Available data:
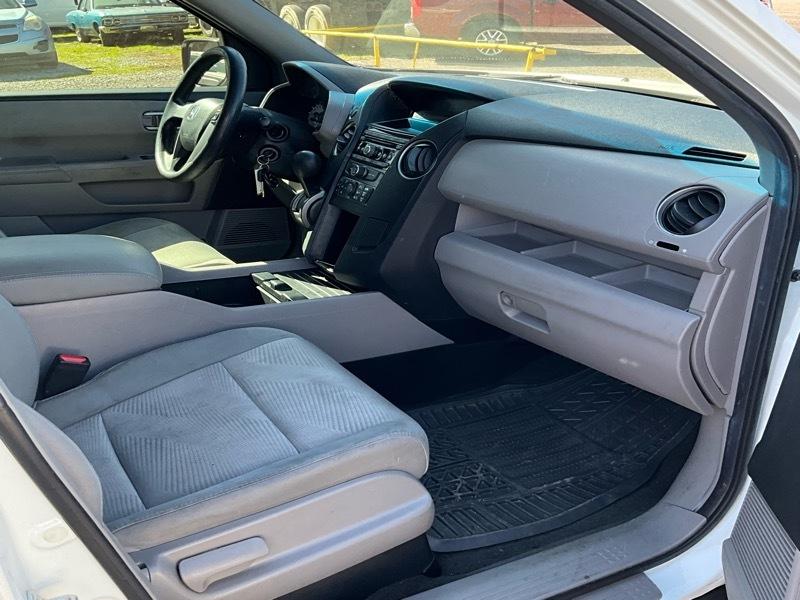 Honda Pilot LX 2WD 5-Spd AT 2012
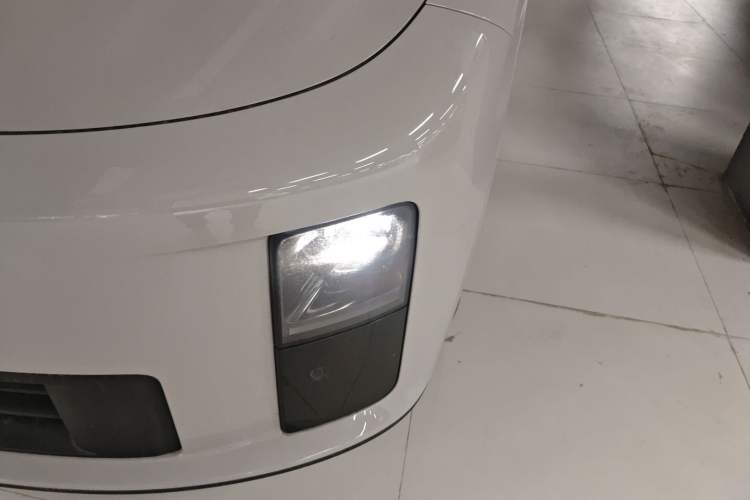 Used Li Auto i6 2025 Model Two-Wheel-Drive Standard Type Left Front Headlight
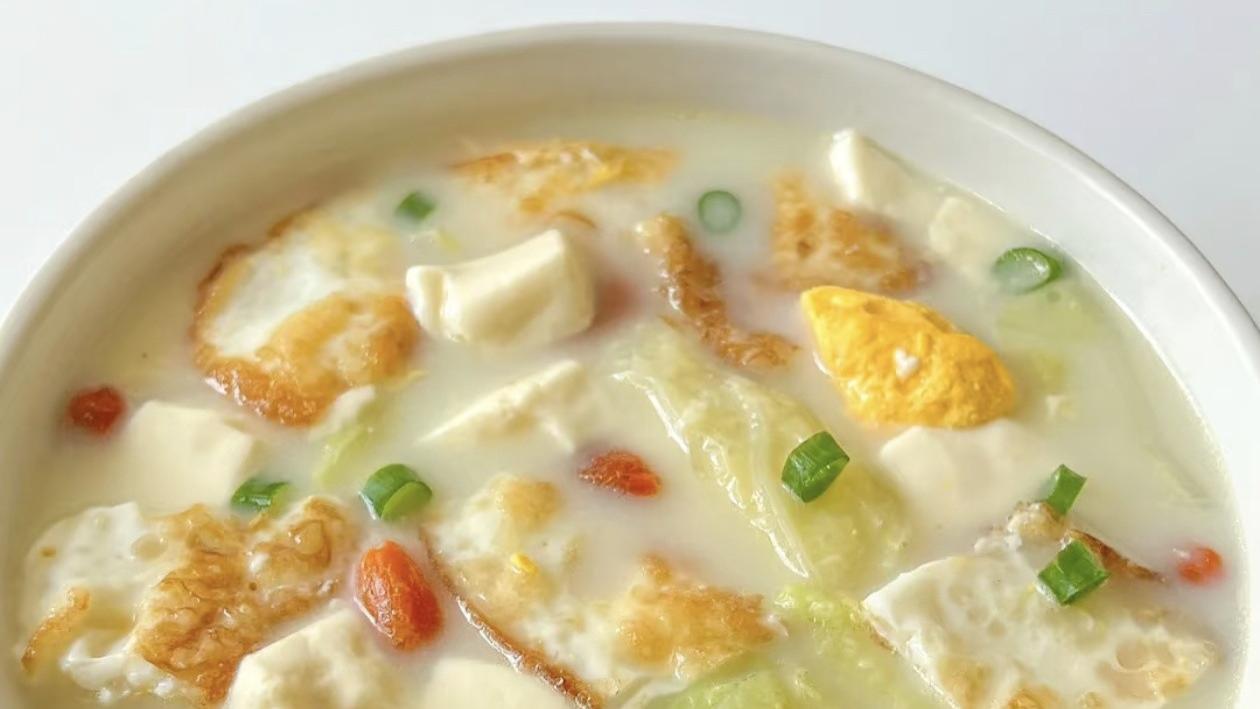 10分钟快手鲜掉眉毛！奶白白菜煎蛋豆腐汤，减脂期也能放心喝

Work order:
Write the material out again exactly. Do not include the pictures.

Response:
 Honda Pilot LX 2WD 5-Spd AT 2012
 Used Li Auto i6 2025 Model Two-Wheel-Drive Standard Type Left Front Headlight
 10分钟快手鲜掉眉毛！奶白白菜煎蛋豆腐汤，减脂期也能放心喝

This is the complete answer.